L’évolution du mandat de la MONUSCO, la multiplication des initiatives diplomatiques portées par Doha et Washington, la prudence de la Belgique et la place ambivalente des diasporas en Belgique dessinent un même fil rouge : celui d’une paix souvent pensée comme une gestion du risque plutôt que comme une transformation en profondeur des causes du conflit. À force de privilégier la désescalade immédiate, la stabilisation sécuritaire et les équilibres géopolitiques, la communauté internationale court le risque de confondre l’absence temporaire de combats avec une paix véritable.
Or, l’expérience congolaise montre avec force que la paix ne se décrète pas et ne se surveille pas uniquement à coups de résolutions ou de mécanismes techniques. Elle se construit dans le temps long, à partir de la justice, de la reconnaissance des violences subies, de la lutte contre l’impunité et de la participation effective des populations concernées. Une paix qui ignore ces dimensions reste fragile, réversible et profondément injuste. Elle alimente la défiance, tant envers les institutions nationales qu’internationales, et entretient le sentiment que l’avenir du pays se décide ailleurs, sans celles et ceux qui en subissent les conséquences.

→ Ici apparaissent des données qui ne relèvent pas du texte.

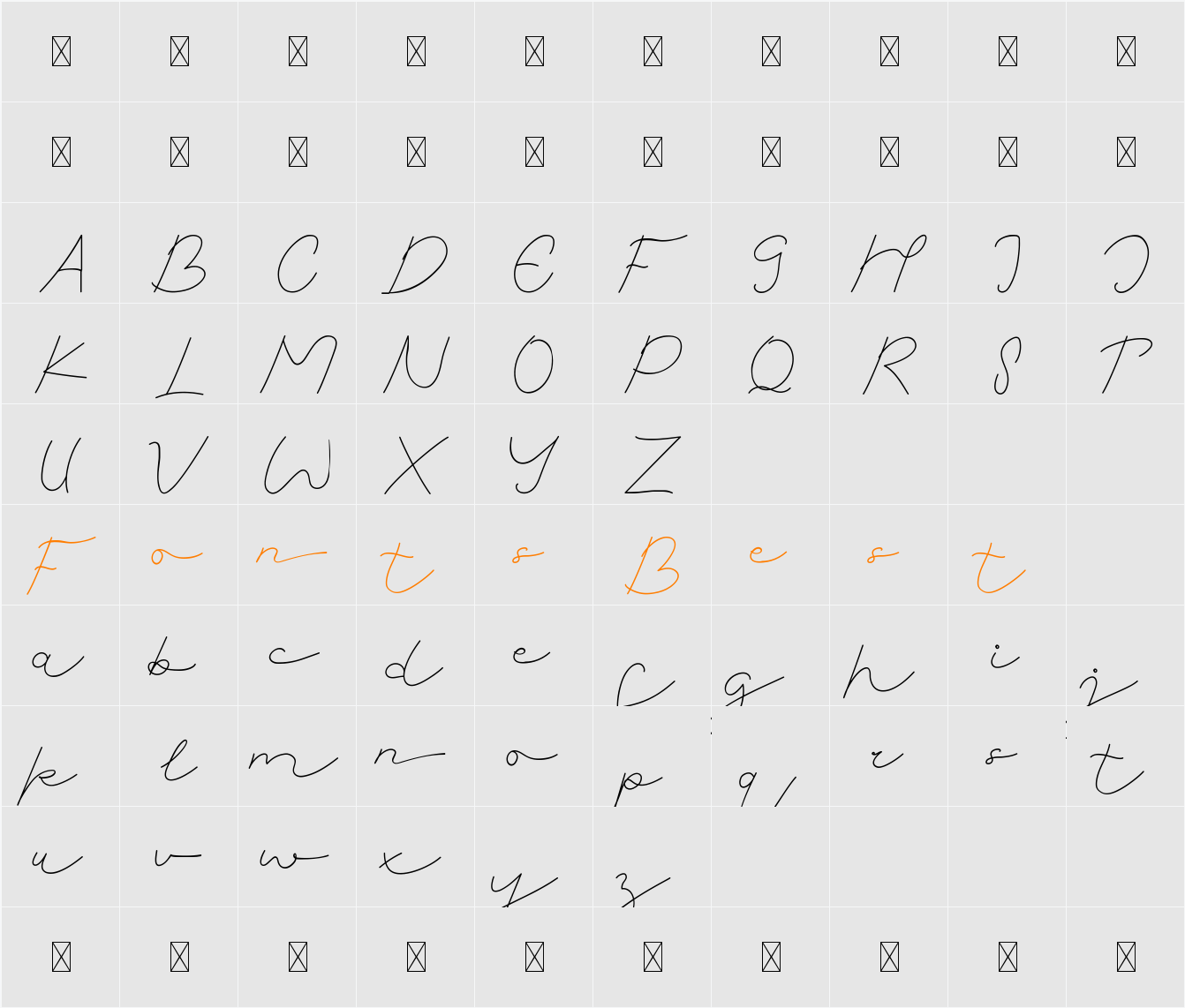 Brusly Name Demo Signature Character Map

Dans ce contexte, la MONUSCO se trouve à un moment charnière. Son rôle ne peut se limiter à accompagner des processus de paix conçus en dehors des sociétés qu’ils prétendent stabiliser. Sans une articulation claire avec des exigences politiques fortes (réforme des forces de sécurité, justice transitionnelle, gouvernance des ressources naturelles, respect des droits humains) son action risque de prolonger une attente coûteuse en vies humaines. Accompagner la paix ne peut signifier organiser la patience des populations face à l’inacceptable.
La Belgique, de son côté, dispose d’atouts singuliers pour contribuer à une autre approche. Son expertise historique, son engagement multilatéral et la vitalité de ses diasporas lui offrent la possibilité de porter une parole plus cohérente et plus courageuse, à l’échelle européenne et internationale. Refuser le statu quo, ce n’est pas imposer des solutions, mais rappeler avec constance que la paix durable passe par la justice et la responsabilité des acteurs impliqués, quels qu’ils soient.
Enfin, les citoyen·ne·s en Belgique ne sont pas extérieur·e·s à ces enjeux. Par l’information, le débat public, l’éducation permanente et le soutien aux initiatives portées par les diasporas et la société civile, elles et ils peuvent contribuer à déplacer le regard : d’une paix technocratique et distante vers une paix humaine, inclusive et exigeante. Dans un monde traversé par des conflits qui se répondent et s’alimentent, s’engager pour la paix en RDC, c’est aussi interroger notre propre rapport à la justice, à la solidarité et à la responsabilité internationale.
Surveiller un cessez-le-feu ne suffira jamais. Construire la paix exige du courage politique, de la mémoire, de la justice et une mobilisation citoyenne durable. C’est à cette condition que la paix cessera d’être une attente gérée pour devenir un horizon partagé.